What Is a Flexible Fund?
A flexible fund is a mutual fund or other pooled investment that has broad flexibility for making investment decisions and allocations. Flexible funds can be U.S. regulated or offshore funds.
These funds give the portfolio manager broad latitude for making portfolio investments. As a result, they are highly susceptible to style drift and may employ macro strategies such as sector rotation or macro hedging.
Investors in these funds will often invest based on the expertise of high-profile managers rather than specific market segment allocations.
- A flexible fund is a mutual fund or other pooled investment that has broad flexibility for making investment decisions and allocations.
- Flexible funds usually target some universe of securities; however, they may also have the flexibility to invest across all types of assets.
- Investors in these funds will often invest based on the expertise of high-profile managers rather than specific market segment allocations.
Understanding Flexible Funds
A flexible fund usually does not have fundamental investing criteria or requirements that the portfolio manager must follow. This gives the portfolio manager the opportunity to choose from a broad universe of investments. Managers can also more actively allocate investments according to market opportunities and conditions rather than specific investing requirements.

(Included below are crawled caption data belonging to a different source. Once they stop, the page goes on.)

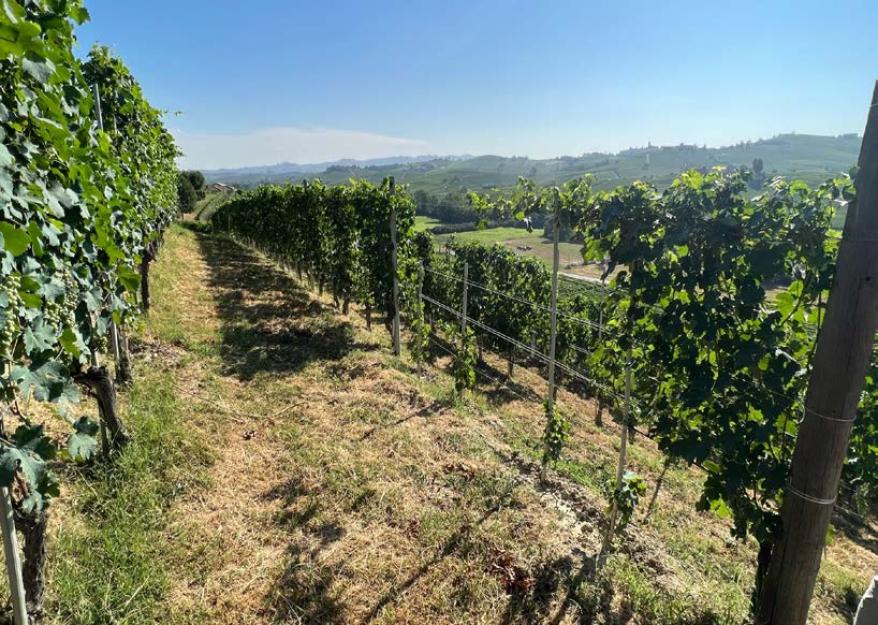 Welcome to the Langhe: Home to Nebbiolo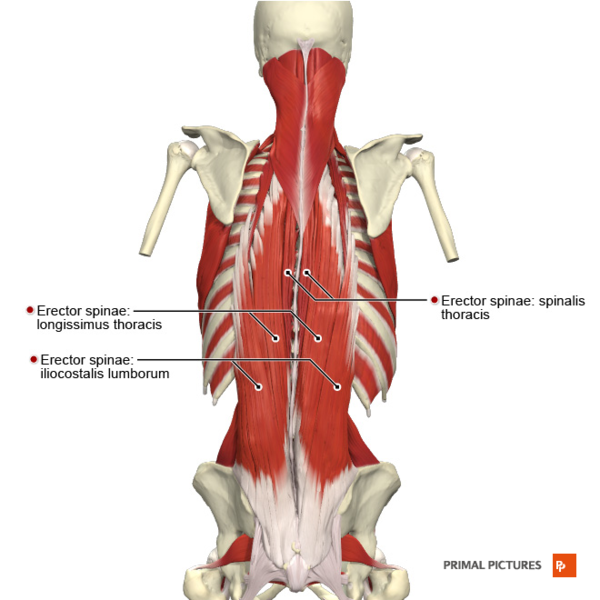 File:Muscles of the back erector spinae group Primal.png
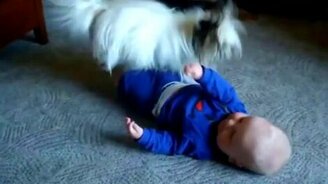 Собачонка веселит малыша - смотреть видео (2:48)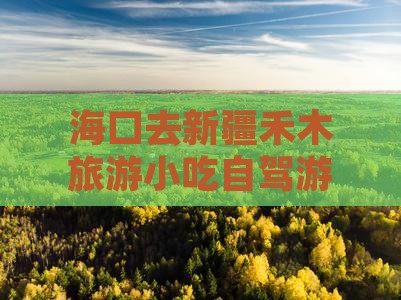 海口去新疆禾木旅游小吃自驾游攻略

Flexible funds usually target some universe of securities; however, they may also have the flexibility to invest across all types of assets. Similar to other market strategies, the fund will be required to disclose details on its investment intentions in a prospectus.
The prospectus will only provide details on the broad universe where the fund plans to invest, noting that its strategy has broad flexibility for investments. One of the key benefits of a flexible fund strategy is that its investments and allocations can change over time.
Mutual funds usually are pegged to a particular style box, such as large-cap growth or small-cap value, which helps them to reach a specific audience of investors. Flexible funds do not follow this standard approach, making due diligence even more important for investors.
Fidelity Magellan Fund
The Fidelity Magellan Fund is one of the most well known flexible funds, thanks in part to Peter Lynch, who advocated a flexible investment strategy while managing the fund in the 1980s and early 1990s. The Fund has continued to carry forward a flexible investing style in its investment strategy with its subsequent portfolio managers.
Peter Lynch advocated for broad market investment in a highly diversified portfolio of equity stocks. His portfolio held over 1,400 companies. The Fidelity Magellan Fund still offers a very open management style, giving the manager no specific style constraints for choosing investments other than the equity universe.
BlackRock Flexible Funds
BlackRock offers a wide variety of flexible funds for its investors, with many of its flexible funds investing in international equities. These funds give the portfolio manager flexibility to invest across all types of investments from a particular region with no defined allocation or style emphasis.
Examples of these funds include the China Flexible Equity Fund, Continental Europe Flexible Fund, Flexible Multi-Asset Fund, Japan Flexible Equity Fund, and the U.S. Flexible Equity Fund.